Nos esperaba en su casa a media tarde, y aunque hacía mucho tiempo que no le veíamos parecía un hombre incólume, acaso porque era alto y fuerte como un álamo de su tierra. Habló de su quebrantada salud, pero lo hizo con tanta dignidad y delicadeza que se resistía uno a creerle. Fue, en el orden de los acontecimientos íntimos, una de las más memorables experiencias: casi ciego como estaba ya, no pudo contemplar la maravillosa vista que se columbraba a esa hora desde aquel nido de águila: el Tibidabo, los tejados de Barcelona y, al fondo, el mar. Hubiéramos pensado que estábamos en Lisboa, o en Trieste, o en Alejandría, ante un escritor mitológico, un heterónimo de Pessoa, de Svevo o de Cavafis, tan lejos parecía de todo, y tan humano.

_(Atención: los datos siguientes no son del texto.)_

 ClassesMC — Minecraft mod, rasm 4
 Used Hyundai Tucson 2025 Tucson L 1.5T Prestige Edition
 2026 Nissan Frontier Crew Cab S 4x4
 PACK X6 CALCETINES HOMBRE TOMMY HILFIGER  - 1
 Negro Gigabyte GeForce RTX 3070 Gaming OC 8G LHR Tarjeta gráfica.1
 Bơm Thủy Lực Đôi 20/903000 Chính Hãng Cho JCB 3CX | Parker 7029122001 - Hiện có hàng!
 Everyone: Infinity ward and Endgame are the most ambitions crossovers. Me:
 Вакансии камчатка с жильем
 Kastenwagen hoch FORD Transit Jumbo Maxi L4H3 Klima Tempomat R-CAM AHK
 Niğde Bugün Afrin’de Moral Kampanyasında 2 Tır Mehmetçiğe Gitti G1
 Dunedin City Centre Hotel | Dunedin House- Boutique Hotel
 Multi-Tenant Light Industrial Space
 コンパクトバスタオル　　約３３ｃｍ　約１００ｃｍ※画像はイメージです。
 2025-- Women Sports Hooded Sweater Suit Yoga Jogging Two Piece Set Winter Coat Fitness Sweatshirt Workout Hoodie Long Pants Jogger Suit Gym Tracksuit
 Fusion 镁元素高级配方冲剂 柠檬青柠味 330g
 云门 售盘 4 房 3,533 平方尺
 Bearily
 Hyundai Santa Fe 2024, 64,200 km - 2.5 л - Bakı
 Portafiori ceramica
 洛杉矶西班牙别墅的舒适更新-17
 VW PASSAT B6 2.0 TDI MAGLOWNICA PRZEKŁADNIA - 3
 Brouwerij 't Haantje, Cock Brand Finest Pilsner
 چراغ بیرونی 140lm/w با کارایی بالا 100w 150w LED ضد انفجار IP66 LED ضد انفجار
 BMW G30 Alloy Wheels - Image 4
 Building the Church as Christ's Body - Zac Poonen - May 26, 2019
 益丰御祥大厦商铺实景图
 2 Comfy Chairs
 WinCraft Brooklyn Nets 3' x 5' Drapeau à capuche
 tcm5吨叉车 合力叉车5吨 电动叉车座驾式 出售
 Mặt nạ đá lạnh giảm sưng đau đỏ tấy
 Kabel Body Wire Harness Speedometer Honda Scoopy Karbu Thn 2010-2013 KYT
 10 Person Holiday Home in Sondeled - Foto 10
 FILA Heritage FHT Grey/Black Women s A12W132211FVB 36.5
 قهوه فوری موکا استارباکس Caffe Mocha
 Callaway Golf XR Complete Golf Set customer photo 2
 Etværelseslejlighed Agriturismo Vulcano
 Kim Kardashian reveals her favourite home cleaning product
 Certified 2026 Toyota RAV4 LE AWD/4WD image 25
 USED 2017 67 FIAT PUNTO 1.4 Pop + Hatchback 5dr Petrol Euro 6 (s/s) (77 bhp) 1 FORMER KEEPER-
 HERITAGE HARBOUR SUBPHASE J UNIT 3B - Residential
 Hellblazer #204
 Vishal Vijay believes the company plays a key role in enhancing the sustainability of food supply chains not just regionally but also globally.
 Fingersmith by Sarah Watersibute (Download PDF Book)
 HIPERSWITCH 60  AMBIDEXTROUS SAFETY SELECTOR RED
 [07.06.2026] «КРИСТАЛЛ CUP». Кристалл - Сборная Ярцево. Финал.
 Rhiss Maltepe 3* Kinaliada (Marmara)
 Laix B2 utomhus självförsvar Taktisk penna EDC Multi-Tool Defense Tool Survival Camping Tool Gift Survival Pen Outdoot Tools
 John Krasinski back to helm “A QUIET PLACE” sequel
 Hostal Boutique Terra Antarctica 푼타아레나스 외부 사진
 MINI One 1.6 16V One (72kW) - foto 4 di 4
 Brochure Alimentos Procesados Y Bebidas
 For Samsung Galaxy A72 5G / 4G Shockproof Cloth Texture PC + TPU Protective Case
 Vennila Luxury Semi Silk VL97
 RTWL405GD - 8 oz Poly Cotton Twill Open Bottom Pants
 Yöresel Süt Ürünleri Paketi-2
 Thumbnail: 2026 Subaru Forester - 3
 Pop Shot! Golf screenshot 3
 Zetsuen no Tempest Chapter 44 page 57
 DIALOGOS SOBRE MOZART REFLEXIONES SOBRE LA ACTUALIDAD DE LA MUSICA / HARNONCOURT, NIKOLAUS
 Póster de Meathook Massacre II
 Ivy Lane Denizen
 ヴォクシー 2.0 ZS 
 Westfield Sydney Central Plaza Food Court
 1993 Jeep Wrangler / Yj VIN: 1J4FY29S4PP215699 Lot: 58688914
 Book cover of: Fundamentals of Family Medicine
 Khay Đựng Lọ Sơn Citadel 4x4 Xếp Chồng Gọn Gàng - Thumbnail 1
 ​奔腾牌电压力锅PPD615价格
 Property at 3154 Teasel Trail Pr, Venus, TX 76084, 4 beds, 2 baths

No es sólo que fuese el escritor, de cuantos ha conocido uno, que mejor hablaba en castellano y el castellano, sino uno de los que mejor lo ha escrito en nuestro tiempo en obras de una ejemplar modestia cervantina: basta leer sus memorias, Friso Menor, o alguno de sus libros de viajes por la Cabrera, por Castilla-La Vieja o por Extremadura, que le valieron en su día merecida fama de hombre libre, ecuánime e independiente, o sea, de difícil. Hay en todas y cada una de esas páginas siempre un homenaje a la lengua de donde nacen, y una voluntad expresa de claridad y decencia que, unidas a la nobleza de su porte romano, le hacían creer a uno que, habiendo sido profesor, era también la encarnación del algún viejo y noble patricio de la Institución Libre de Enseñanza. Sólo así se explica el estoicismo con que llevó los desaires que suele reservar esta tierra a sus hombres más valiosos. Amaba como pocos los matices en la lengua, en las historias que contaba, en la vida menuda y memoriosa (le interesaron más siempre los humildes que los poderosos, los sencillos que los solemnes, los poetas que los intelectuales), y es cierto que hacía ya muchos años que su estrella había declinado en el fosco firmamento de las letras. De alguna manera ése es el sino de los nonagenarios condenados a ver morir a sus amigos y a presenciar cómo caen en el olvido tantas obras, propias y ajenas. Su nombre es posible que no les diga mucho a los más jóvenes, pero vivimos de los matices igualmente: sólo porque alguien minucioso como Ramón Carnicer amó la lengua en la que escribió, podemos los demás, con menos talento que él, intentar una vida libre, ecuánime e independiente.